For criticisms of “universal human rights”, i guess the topic is old. But Wikipedia provides some starting points if you are not already familiar with this
(i don't necessarily agree with the above in particulars… but am just citing well-established philosophies against the universal “human rights” concept) Here's some selected quotes from different parts of Wikipedia:
Philosophers who have criticized the concept of human rights include Jeremy Bentham, Edmund Burke, Friedrich Nietzsche and Karl Marx. A recent critique has been advanced by Charles Blattberg in his essay “The Ironic Tragedy of Human Rights.” Blattberg argues that rights talk, being abstract, demotivates people from upholding the values that rights are meant to assert. In his book After Virtue, Alasdair MacIntyre claimed the concept that all human beings have certain rights simply by virtue of being human was illogical, stated “the best reason for asserting so bluntly that there are no such rights is indeed of precisely the same type as the best reason which we possess for asserting that there are no witches and the best reason which we possess for asserting that there are no unicorns: every attempt to give good reasons for believing there are such rights has failed.”
The concept of inalienable rights was criticized by Jeremy Bentham and Edmund Burke as groundless. Bentham and Burke, writing in the eighteenth century, claimed that rights arise from the actions of government, or evolve from tradition, and that neither of these can provide anything inalienable. (See Bentham's “Critique of the Doctrine of Inalienable, Natural Rights”, and Burke's “Reflections on the Revolution in France”). Presaging the shift in thinking in the 19th century, Bentham famously dismissed the idea of natural rights as “nonsense on stilts”. By way of contrast to the views of Burke and Bentham, the leading American revolutionary scholar James Wilson condemned Burke's view as “tyranny.”
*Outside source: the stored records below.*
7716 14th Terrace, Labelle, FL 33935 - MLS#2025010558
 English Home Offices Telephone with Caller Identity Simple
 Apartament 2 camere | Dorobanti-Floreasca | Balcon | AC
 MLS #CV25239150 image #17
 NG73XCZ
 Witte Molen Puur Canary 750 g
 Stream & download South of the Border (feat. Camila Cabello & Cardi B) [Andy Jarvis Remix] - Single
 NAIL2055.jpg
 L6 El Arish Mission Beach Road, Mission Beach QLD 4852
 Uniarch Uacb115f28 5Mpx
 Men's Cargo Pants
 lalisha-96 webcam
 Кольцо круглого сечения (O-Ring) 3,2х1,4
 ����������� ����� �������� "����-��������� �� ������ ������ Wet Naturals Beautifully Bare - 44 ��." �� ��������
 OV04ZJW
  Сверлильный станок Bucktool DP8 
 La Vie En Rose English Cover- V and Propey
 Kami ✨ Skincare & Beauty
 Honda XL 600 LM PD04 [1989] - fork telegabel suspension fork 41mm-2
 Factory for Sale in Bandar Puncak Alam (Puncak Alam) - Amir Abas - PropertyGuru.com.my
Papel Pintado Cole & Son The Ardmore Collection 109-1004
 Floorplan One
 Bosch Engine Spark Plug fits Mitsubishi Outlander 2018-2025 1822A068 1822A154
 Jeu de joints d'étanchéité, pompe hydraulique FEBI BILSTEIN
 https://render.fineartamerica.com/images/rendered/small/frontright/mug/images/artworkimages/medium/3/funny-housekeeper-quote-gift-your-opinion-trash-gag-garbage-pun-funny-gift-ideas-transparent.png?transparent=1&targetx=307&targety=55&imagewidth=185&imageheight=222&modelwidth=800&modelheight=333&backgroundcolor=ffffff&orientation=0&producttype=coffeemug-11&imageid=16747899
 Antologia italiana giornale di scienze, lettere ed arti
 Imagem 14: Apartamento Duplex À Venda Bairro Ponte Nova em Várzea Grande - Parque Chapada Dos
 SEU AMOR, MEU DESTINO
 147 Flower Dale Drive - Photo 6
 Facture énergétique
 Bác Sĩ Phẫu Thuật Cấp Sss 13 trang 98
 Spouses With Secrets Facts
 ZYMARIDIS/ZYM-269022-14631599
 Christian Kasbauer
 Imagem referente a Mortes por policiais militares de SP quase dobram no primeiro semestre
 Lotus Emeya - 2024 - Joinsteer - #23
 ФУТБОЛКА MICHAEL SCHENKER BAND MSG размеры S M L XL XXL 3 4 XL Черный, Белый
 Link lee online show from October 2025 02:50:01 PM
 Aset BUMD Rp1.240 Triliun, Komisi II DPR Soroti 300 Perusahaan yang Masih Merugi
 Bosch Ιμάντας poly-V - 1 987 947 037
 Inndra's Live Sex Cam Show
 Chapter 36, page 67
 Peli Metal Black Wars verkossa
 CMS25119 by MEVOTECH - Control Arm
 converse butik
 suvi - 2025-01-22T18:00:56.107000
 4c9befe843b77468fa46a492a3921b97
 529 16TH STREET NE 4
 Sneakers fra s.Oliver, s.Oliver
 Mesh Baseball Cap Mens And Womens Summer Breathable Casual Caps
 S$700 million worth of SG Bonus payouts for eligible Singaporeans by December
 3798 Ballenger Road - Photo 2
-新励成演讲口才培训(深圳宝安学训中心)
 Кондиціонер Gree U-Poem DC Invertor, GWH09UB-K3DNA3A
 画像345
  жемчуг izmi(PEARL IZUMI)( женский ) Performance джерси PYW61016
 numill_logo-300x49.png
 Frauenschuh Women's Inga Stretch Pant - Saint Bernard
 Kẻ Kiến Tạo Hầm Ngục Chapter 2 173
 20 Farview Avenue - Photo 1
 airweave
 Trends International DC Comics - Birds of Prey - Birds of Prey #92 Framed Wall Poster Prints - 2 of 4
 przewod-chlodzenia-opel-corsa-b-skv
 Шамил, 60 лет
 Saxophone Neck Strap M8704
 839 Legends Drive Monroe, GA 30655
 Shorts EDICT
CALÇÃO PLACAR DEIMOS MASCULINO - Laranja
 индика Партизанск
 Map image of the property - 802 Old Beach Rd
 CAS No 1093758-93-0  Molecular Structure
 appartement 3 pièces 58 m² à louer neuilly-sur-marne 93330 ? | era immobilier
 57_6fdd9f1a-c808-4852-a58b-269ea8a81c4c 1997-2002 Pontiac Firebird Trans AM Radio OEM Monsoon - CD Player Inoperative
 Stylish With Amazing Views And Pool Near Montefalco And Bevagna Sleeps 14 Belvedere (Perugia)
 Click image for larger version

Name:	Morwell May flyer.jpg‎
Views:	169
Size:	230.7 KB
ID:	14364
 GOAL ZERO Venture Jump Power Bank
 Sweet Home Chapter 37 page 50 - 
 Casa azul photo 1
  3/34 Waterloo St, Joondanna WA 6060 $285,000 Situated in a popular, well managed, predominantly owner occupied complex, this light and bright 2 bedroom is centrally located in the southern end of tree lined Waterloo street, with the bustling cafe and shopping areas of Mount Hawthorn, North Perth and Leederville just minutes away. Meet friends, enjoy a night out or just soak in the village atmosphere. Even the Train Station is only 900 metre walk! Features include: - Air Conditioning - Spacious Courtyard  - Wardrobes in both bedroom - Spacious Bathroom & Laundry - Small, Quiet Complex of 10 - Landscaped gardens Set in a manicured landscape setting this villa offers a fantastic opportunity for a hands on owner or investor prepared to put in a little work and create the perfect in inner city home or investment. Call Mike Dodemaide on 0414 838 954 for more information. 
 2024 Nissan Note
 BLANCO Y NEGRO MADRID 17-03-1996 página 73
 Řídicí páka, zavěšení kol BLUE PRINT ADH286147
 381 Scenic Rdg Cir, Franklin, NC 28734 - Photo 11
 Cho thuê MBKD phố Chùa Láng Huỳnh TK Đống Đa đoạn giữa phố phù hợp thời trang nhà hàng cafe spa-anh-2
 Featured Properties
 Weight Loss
Master-slave morality is a central theme of Friedrich Nietzsche's works, in particular the first essay of On the Genealogy of Morality. Nietzsche argued that there were two fundamental types of morality: ‘Master morality’ and ‘slave morality'. Master morality weighs actions on a scale of good or bad consequences unlike slave morality which weighs actions on a scale of good or evil intentions.
What right? Right with respect to what? Who gave you the right? God? I don't believe in a god, and in particular, i don't believe The Gods from Abrahamic religions (Islamism, Juadaism, and Christianity with its tens of factions).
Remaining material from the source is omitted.